**Exercise**
A line below contains "王中元 ming font", and a later one contains "Кърти, Чисти и". Repeat both, with every line between them, exactly.

**Dataset entries**
= Beginning of Section =
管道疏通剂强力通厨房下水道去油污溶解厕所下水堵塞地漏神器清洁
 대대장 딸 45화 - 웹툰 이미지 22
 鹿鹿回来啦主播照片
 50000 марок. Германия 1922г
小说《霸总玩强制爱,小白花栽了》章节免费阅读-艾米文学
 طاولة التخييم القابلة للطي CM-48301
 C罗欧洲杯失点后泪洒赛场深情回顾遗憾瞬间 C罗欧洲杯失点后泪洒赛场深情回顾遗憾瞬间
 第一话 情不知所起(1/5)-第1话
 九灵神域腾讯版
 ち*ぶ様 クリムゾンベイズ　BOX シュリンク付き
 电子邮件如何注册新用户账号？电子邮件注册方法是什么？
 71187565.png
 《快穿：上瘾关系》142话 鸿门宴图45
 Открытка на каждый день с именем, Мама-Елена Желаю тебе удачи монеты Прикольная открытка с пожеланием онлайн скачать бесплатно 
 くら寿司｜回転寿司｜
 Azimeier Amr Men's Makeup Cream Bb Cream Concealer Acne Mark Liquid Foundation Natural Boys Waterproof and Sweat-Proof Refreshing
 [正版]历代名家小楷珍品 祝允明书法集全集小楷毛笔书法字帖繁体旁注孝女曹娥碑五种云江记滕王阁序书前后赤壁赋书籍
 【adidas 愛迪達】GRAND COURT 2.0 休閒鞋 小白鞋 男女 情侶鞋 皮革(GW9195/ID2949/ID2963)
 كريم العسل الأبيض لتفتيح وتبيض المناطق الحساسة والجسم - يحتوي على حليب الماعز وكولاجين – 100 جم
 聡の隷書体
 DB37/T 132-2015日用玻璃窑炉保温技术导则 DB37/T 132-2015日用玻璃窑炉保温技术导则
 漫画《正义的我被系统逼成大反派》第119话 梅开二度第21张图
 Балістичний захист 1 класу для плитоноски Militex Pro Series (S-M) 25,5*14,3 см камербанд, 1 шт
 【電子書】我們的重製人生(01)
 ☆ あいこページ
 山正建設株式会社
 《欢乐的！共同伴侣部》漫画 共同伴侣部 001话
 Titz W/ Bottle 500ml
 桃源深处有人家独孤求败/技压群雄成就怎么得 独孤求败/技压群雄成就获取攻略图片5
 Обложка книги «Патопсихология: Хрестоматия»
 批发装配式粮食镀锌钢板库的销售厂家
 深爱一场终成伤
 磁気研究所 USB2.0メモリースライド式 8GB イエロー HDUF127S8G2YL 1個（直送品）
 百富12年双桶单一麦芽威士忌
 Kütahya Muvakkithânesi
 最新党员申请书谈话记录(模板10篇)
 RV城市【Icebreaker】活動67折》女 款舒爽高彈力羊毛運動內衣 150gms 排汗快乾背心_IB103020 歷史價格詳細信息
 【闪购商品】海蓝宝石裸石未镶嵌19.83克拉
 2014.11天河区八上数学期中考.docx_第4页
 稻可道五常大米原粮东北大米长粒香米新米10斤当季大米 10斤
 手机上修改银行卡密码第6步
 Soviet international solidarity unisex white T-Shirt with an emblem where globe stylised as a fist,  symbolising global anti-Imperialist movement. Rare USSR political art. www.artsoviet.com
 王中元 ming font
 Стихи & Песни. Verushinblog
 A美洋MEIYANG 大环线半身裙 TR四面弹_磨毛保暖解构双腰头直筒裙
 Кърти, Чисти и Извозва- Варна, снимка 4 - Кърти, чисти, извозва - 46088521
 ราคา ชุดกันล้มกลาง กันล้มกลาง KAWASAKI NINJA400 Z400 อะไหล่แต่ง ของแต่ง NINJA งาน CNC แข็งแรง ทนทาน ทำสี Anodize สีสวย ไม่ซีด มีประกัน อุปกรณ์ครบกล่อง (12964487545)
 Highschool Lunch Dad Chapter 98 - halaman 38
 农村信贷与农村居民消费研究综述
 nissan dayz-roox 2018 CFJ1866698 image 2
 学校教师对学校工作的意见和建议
= End of Section =
**Your solution**
 王中元 ming font
 Стихи & Песни. Verushinblog
 A美洋MEIYANG 大环线半身裙 TR四面弹_磨毛保暖解构双腰头直筒裙
 Кърти, Чисти и Извозва- Варна, снимка 4 - Кърти, чисти, извозва - 46088521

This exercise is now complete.